Jaksa menjelaskan, hal itu berawal sejak tahap penyusunan daftar pemilih Kuala Lumpur, dimana para terdakwa menerima Data Penduduk Pontensional Pemilih (DP4) sebanyak 493.856 dari KPU RI. Adapun data tersebut menjadi dasar untuk dilakukannya pencocokan dan penelitian (coklit).
Hasil coklit yang dilaksanakan oleh Pantarlih, menunjukkan bahwa Daftar Pemilih di Kuala Lumpur itu hanya sebanyak 64.148 pemilih.
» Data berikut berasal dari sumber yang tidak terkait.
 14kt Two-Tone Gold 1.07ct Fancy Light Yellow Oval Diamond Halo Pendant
Jumlah pemilih tercoklit tersebut sempat dikomplain beberapa perwakilan parpol, pada rapat penetapan DPS.
"Namun, PPLN KL memutuskan agar data DP4 yang belum tercoklit dijadikan Daftar Pemilih Sementara (DPS), kemudian dikurangi data tidak memenuhi syarat (TMS), kemudian ditambah dengan data pemilih tercoklit. Sehingga hasil akhir yang ditetapkan menjadi DPS, sebanyak 491.152 pemilih, yang mana hal tersebut bertentangan dengan peraturan perundang-undangan yang berlaku karena penetapan DPS harus berdsarkan Data Hasil Coklit yang telah diverifikasi," ucap Jaksa.
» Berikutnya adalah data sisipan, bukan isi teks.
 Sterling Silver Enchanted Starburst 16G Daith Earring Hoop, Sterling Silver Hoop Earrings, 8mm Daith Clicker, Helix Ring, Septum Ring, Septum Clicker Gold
"Bahwa akibat perbuatan para terdakwa yang memasukan data yang tidak benar dan tidak valid karena tidak sesuai hasil coklit ke dalam daftar pemilihan sementara (DPS) menjadi daftar pemilihan sementara hasil perbaikan (DPSHS) dan kemudian ditetapkan menjadi daftar pemilih tetap (DPT) serta memindahkan daftar pemilih metode TPS ke metode KSK dan POS. Dalam kondisi data dan alamat tidak jelas atau tidak lengkap sehingga mengakibatkan untuk metode pos surat suara yang dikirim sebesar 154.629 namun kembali ke pengirim sebanyak 81.253 suara," sambungnya.
Atas perbuatannya, para terdakwa tersebut terancam dijerat pidana dalam pasal 554 undang-undang nomor 7 tahun 2017 tentang pemilihan umum jo pasal 55 ayat (1) ke-1 KUHP.